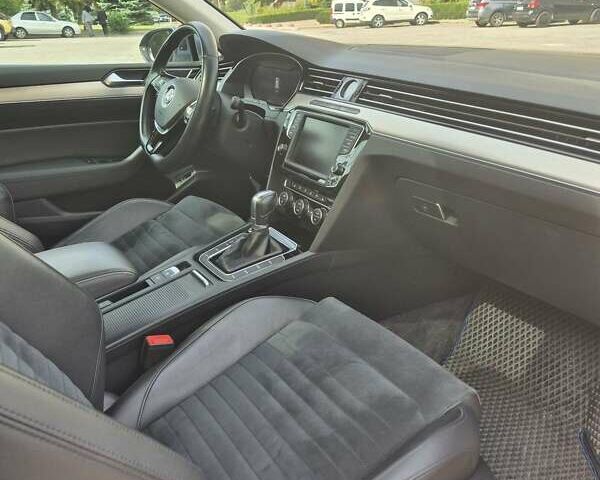 Синий Фольксваген Пассат, объемом двигателя 1.97 л и пробегом 209 тыс. км за 16500 $, фото 16 на Automoto.ua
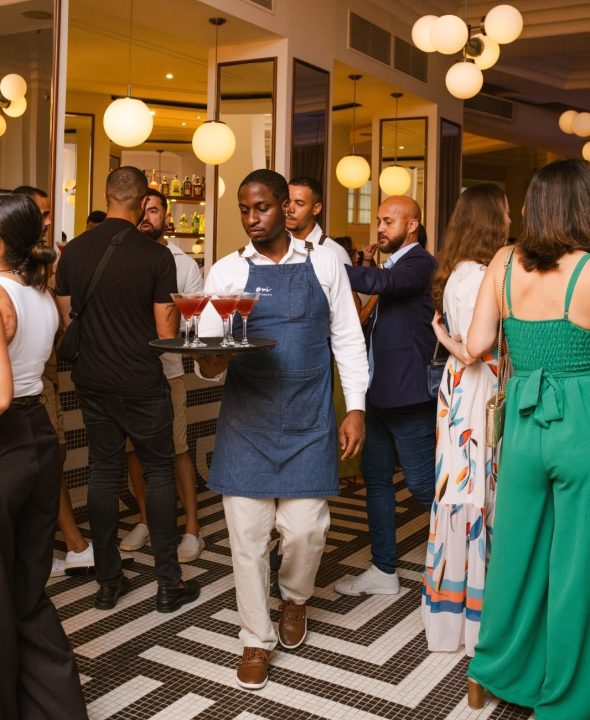 Fera Palace inaugura bar no lobby do hotel em comemoração aos 10 anos do Grupo Fera na Bahia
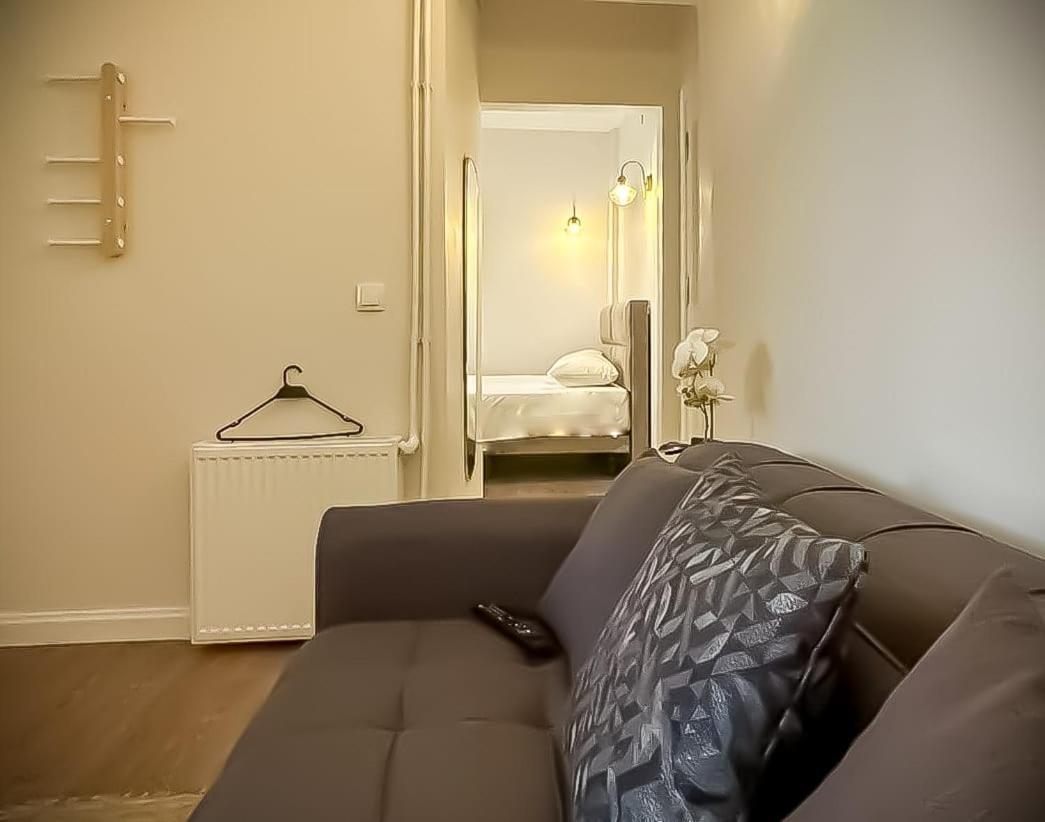 Hi Hotel Ivy Bueyuekada Адалар Екстериор снимка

------

-- Exercise --
Go through the listing above and retype each line exactly, apart from the pictures.

-- Written response --
 Синий Фольксваген Пассат, объемом двигателя 1.97 л и пробегом 209 тыс. км за 16500 $, фото 16 на Automoto.ua
 Fera Palace inaugura bar no lobby do hotel em comemoração aos 10 anos do Grupo Fera na Bahia
 Hi Hotel Ivy Bueyuekada Адалар Екстериор снимка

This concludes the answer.